**How to complete this task**:
Given the entries that follow, write out exactly the lines starting at the one containing "Fototapeta premium Stunning" and ending at the one containing "glitchez Preppy Edge", both ends included, and only those.

**Exercise materials**:
>>>>

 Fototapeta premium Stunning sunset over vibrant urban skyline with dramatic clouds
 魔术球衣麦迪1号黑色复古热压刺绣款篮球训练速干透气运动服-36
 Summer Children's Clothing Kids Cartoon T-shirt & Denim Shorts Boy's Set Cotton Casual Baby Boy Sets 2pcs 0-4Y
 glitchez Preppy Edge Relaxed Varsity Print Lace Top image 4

<<<<
>>>>

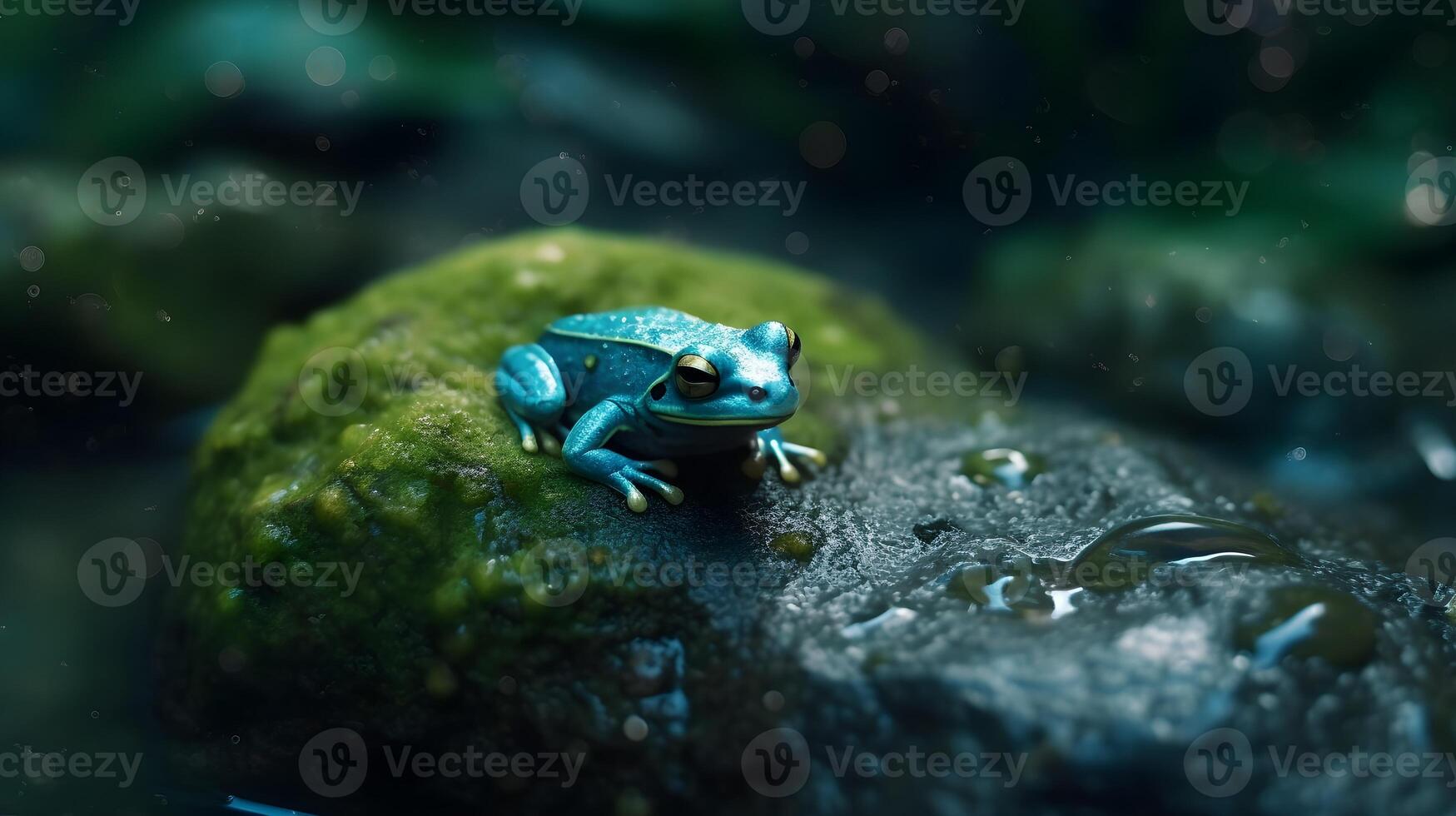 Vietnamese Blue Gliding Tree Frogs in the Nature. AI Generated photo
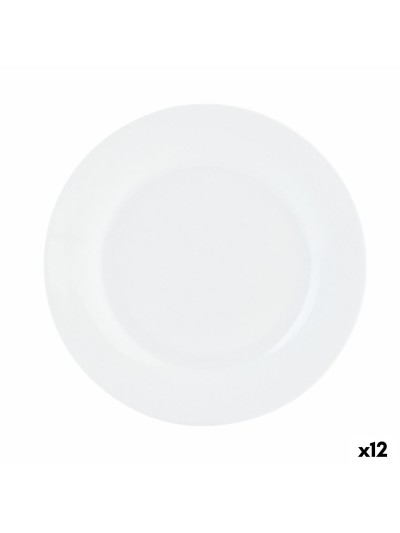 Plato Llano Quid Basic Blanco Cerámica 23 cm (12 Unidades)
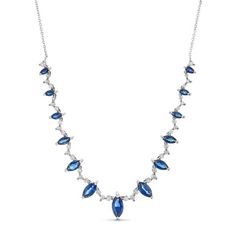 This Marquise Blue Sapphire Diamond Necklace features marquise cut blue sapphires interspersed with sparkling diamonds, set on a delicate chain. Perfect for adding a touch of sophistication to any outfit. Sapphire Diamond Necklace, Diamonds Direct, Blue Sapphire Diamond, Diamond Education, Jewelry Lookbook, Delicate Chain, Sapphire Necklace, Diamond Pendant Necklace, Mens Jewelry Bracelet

<<<<

**Solution for this problem**:
 Fototapeta premium Stunning sunset over vibrant urban skyline with dramatic clouds
 魔术球衣麦迪1号黑色复古热压刺绣款篮球训练速干透气运动服-36
 Summer Children's Clothing Kids Cartoon T-shirt & Denim Shorts Boy's Set Cotton Casual Baby Boy Sets 2pcs 0-4Y
 glitchez Preppy Edge Relaxed Varsity Print Lace Top image 4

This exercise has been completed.